Set down again exactly the lines of the listing below that fall between the line holding "Detail of silver" and the line holding "May include: A", inclusive.

• [SOURCE RECORDS]
════

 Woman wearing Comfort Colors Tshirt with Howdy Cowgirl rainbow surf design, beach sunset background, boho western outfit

════

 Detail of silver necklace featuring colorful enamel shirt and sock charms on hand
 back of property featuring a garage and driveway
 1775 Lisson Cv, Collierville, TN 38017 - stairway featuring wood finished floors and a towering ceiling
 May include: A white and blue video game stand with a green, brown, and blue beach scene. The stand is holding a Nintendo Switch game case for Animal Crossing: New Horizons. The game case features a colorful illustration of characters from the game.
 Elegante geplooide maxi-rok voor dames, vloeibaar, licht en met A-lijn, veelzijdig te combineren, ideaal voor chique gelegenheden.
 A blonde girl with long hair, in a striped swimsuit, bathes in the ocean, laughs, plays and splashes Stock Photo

════

• [WRITTEN RESPONSE]
 Detail of silver necklace featuring colorful enamel shirt and sock charms on hand
 back of property featuring a garage and driveway
 1775 Lisson Cv, Collierville, TN 38017 - stairway featuring wood finished floors and a towering ceiling
 May include: A white and blue video game stand with a green, brown, and blue beach scene. The stand is holding a Nintendo Switch game case for Animal Crossing: New Horizons. The game case features a colorful illustration of characters from the game.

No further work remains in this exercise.